Zgodnie z zapowiedziami, na początku maja w serwisie Netflix pojawił się nowy, polski film. To „Polowanie” - mocny thriller, który pokazuje do czego może prowadzić żądza władzy. Film jest najpopularniejszą nowością w Polsce i zawędrował na sam szczyt TOP 10 Netfliksa.
"Polowanie" podbija Netfliksa!
„Polowanie” to nowy film współtwórców „Układu zamkniętego”, zainspirowany prawdziwymi wydarzeniami. Historia, która może zdarzyć się zawsze i wszędzie. To także opowieść o małym mieście i jego wielkich tajemnicach. Film kręcono w Gniewie i to tam w ubiegłym roku, na dziedzińcu zamku, odbył się pierwszy pokaz dla mieszkańców.
To historia człowieka, który postawił się niebezpiecznym siłom w swoim mieście. Michał Król, w tej roli Michał Czernecki, postanawia zawalczyć o lepszą przyszłość miejscowości, w której żyje. Nie chce być marionetką, figurantem. Ale trafia na skorumpowany system, który nie może mu darować tych zmian.
To film o żądzy władzy, która występuje wszędzie, począwszy od najmniejszego stołka wójta aż po sam polityczny szczyt.
- To straszna i okrutna choroba, którą obserwujemy nie tylko u Polsce. Ale to nie znaczy, że musimy ją akceptować. „Polowanie” obnaża mechanizmy tej żądzy – mówił Mirosław Piepka, jeden z trzech obok Michała Pruskiego i Pawła Chmielewskiego, autorów scenariusza.
"Polowanie". O czym jest film?
„Polowanie” przedstawia coś, co wydarzyło się naprawdę w małym, powiatowym miasteczku. Ta historia dotyczy człowieka, który, rządząc lokalnie, nie poszedł na tak zwane układy. Rządził mądrze, chcąc aby poprawiało się życie mieszkańców. Niestety, konkurenci postanowili go usunąć i spić całą śmietankę. To jednak nie było łatwe, bo bohater miał swój kręgosłup i nie poddał się. Przeciwnicy, nie widząc innego sposobu, zaprosili go na polowanie, gdzie rozgrywa się dramat. Tyle można powiedzieć o fabule - dodaje Piepka.
CZYTAJ TEŻ: „Czerwień” wkrótce w Netfliksie! Jest zwiastun filmu [VIDEO]

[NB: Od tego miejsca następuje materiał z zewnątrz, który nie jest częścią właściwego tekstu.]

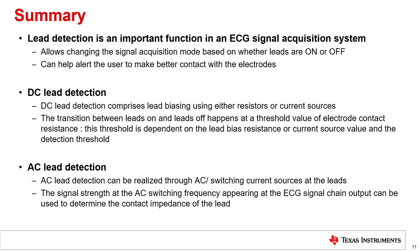DC lead detection comprises lead biasing using either resistors or current sources to bias the leads to a high or low potential, and comparators to distinguish between leads-on and leads-off condition. The transition between leads-on and leads-off happens at a threshold value of electrode contact resistance. This threshold is dependent on the lead bias resistance or current source value and the detection threshold. AC lead detection can be realized through switching current sources at the leads that generate an AC lead bias signal. The signal strength at the AC switching frequency appearing at the ECG signal chain output can be used to determine the contact impedance of the lead. Additional signal processing may be required to remove the AC lead switching frequency tone from the ADC output.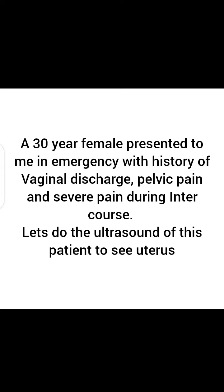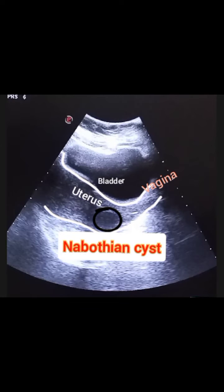Hello and welcome to another interesting video of my YouTube channel. A 30-year-old female presented to me in emergency with history of vaginal discharge, pelvic pain, and pain during intercourse. Let's do an ultrasound, so this is the picture of the ultrasound.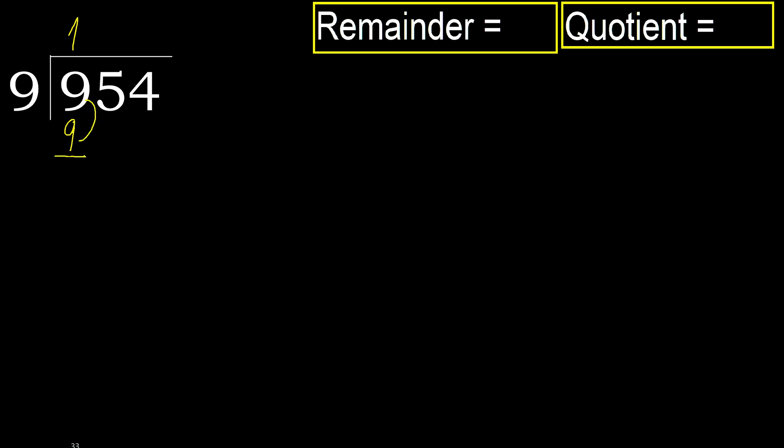Subtract. 9 minus 9, 0. Next. Eliminate 0. Okay.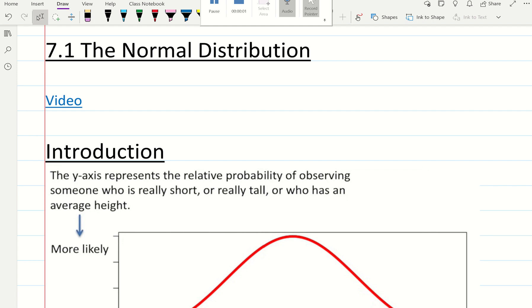In this video, I'm going through S1, Chapter 7, Section 7.1, and we're introducing the normal distribution.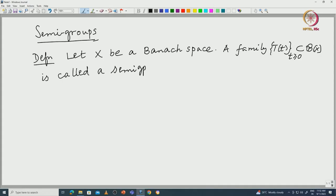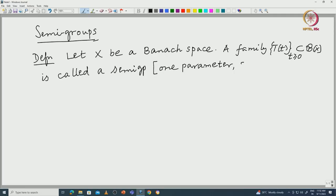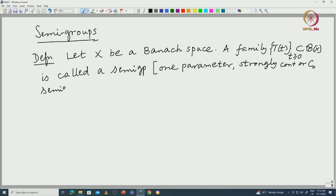In textbooks you actually see this expanded version: one-parameter strongly continuous semigroup. We just abbreviate it as strongly continuous or even C₀ semigroup. Every time we will not write the full name. This one-parameter refers to t being non-negative.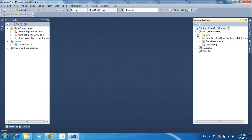Hi friends, this is Vetrivel. In this tutorial I will teach how to transfer or copy data from a GridView to a DataTable.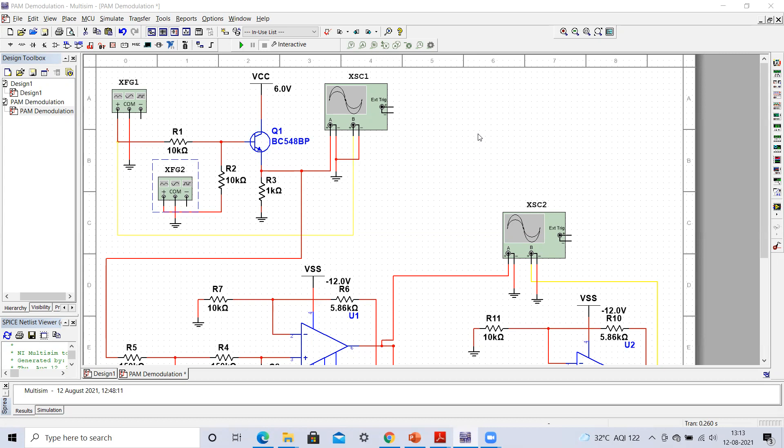Those who are watching this video for the first time and have not watched my previous video on how to generate the pulse amplitude modulated signal, please go through my previous video. I have already shared the link for the pulse amplitude modulation video, which I covered in the previous lecture. It is available in the description box, and I have also provided a link for the theoretical version in which I discussed the theory portion of the pulse amplitude modulated signal.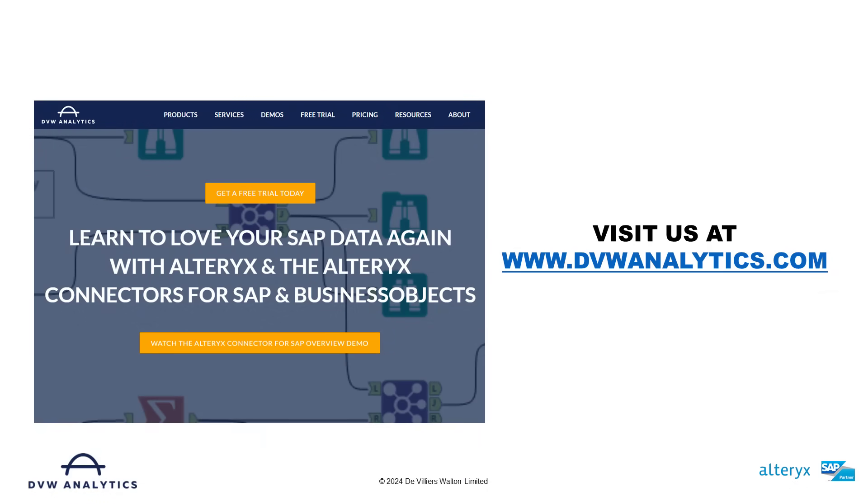Hopefully this has piqued your interest, and if you want to see more, then come to our website at dvwanalytics.com. Thank you.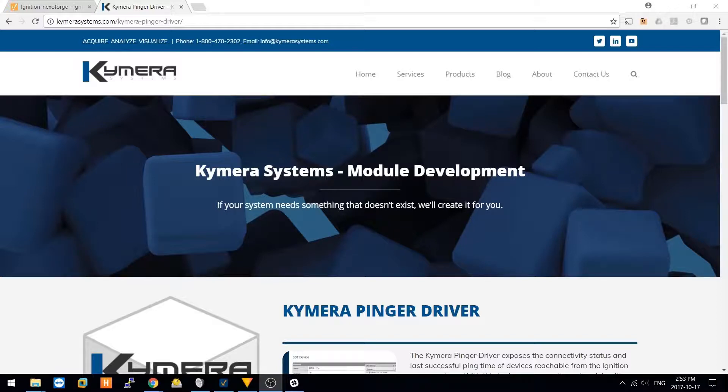Hello and welcome to the Chimera Systems module development videos. In this video we'll be going over the Chimera Pinger Driver.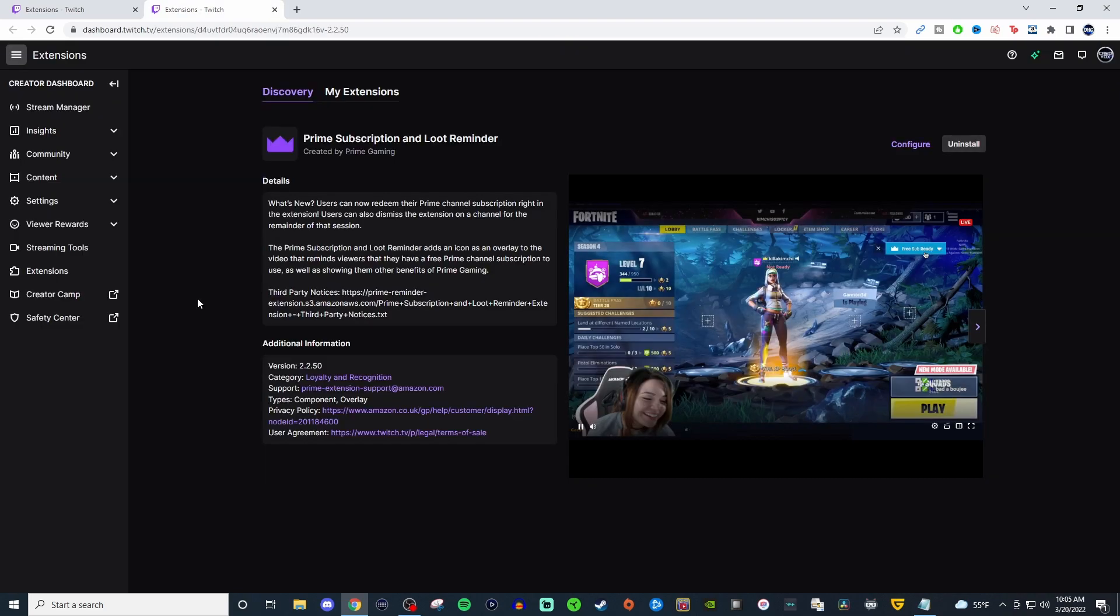And the final one is one that I think a lot of affiliates have used in the past. I don't know if a lot of people still use this, but having the prime subscription and loot reminder, I think is still good to have because some people forget that they have Amazon prime and they forget that that's a free sub that they can use to any of the streamers that they want to support.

Reżyser Paweł Chmielewski, związany z Gdynią, mówi o swoim filmie tak:
– To dość specyficzne kino. Gatunkowo określa się je jako thriller polityczny. Ale dramaturgia „Polowania” jest tak sprytnie poprowadzona, żeby mrok, jaki w naszym filmie jest, przeplatał się z komediowymi akcentami. To kontrapunkt wprowadzony po to, żeby widza tak całkowicie nie zdołować. To jak w sztukach Szekspira, gdzie tragedia, np. Hamleta, zderza się z dowcipnymi dialogami postaci epizodycznych, jakimi są grabarze. W naszym filmie jest też postać, która stanowi kontrapunkt do tej smutnej i przerażającej historii głównego wątku. Na tym polega różnica między „Układem zamkniętym” a „Polowaniem”, że my wprowadzamy bohatera ludycznego, który daje widzowi także pewien oddech, dystans i trochę uśmiechu - tłumaczy.
Zdaniem reżysera, „Polowanie” ma wszystkie cechy westernu. Na pytanie, dlaczego, odpowiada:
– Bo nasz bohater jest też sam przeciw wszystkim.
Obsada to jednak nie tylko Michał Czernecki i Artur Barciś, ale też Magdalena Walach, Ewa Kasprzyk (w roli sędzi o przezwisku „grypa”, bo, jak mówi jeden z bohaterów, „każdy ją miał”), Kamila Kamińska, Piotr Cyrwus czy Andrzej Zaborski, znany m.in. z roli w filmie „U pana Boga za piecem”. Nawet w epizodach grają znani, rozpoznawalni aktorzy. Na przykład Krzysztof Janczar, legenda „Wojny domowej”, znany też z roli w filmie „Nie zaznasz spokoju” czy z amerykańskiego „Polowania na Czerwony Październik” z Seanem Connery i Aleciem Baldwinem. Krzysztof Janczar zagrał w „Polowaniu” burmistrza Siereckiego, uwikłanego w samorządowe intrygi.
Thrillery polityczne to nie jest polska specjalność. Tym bardziej cieszy sukces filmu, który tak bardzo związany jest z Pomorzem.